The government is pushing for the development of a shale gas industry in Britain, claiming it would create jobs and growth, reduce energy prices and cut the country’s reliance on gas imports.
But opponents have raised fears that the process causes earthquakes, can pollute water supplies, lead to inappropriate development in the countryside and damage house prices.
There are also concerns that exploiting shale gas could harm investment in renewables and undermine efforts to cut greenhouse gas emissions to tackle climate change.
The Department of Energy and Climate Change (DECC) yesterday said it will press ahead with plans to simplify underground access for oil and gas developers despite the objection of 99 per cent of respondents to a consultation.
Under the proposals, firms would have the right to drill at depths of 300 metres or more under private land without access rights being granted by the landowner.
In its response to the consultation, DECC said: “Having carefully considered the consultation responses, we believe that the proposed policy remains the right approach to underground access and that no issues have been identified that would mean that our overall policy approach is not the best available solution.”
Business and Energy Minister Matt Hancock said: “These new rules will help Britain to explore the great potential of our national shale gas and geothermal resources as we work towards a greener future — and open up thousands of new jobs in doing so.”

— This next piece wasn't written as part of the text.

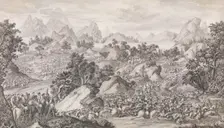The Battle of Qos-qulaq, 1774. Creator: Benoit-Louis Prevost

But Simon Clydesdale, energy campaigner for Greenpeace UK, said: “The roar of opposition to this arrogant policy is deafening, yet ministers are determined to blithely ignore what the overwhelming majority of the British public thinks and wants.
“This move to rob people of their right to oppose fracking under their homes is the signature policy of the government’s fracking push.
“The country needs and wants clean, safe energy, and expects to be listened to.
“There’ll be a hefty political price to pay for this massive sell-out to the narrow interests of the shale lobby.”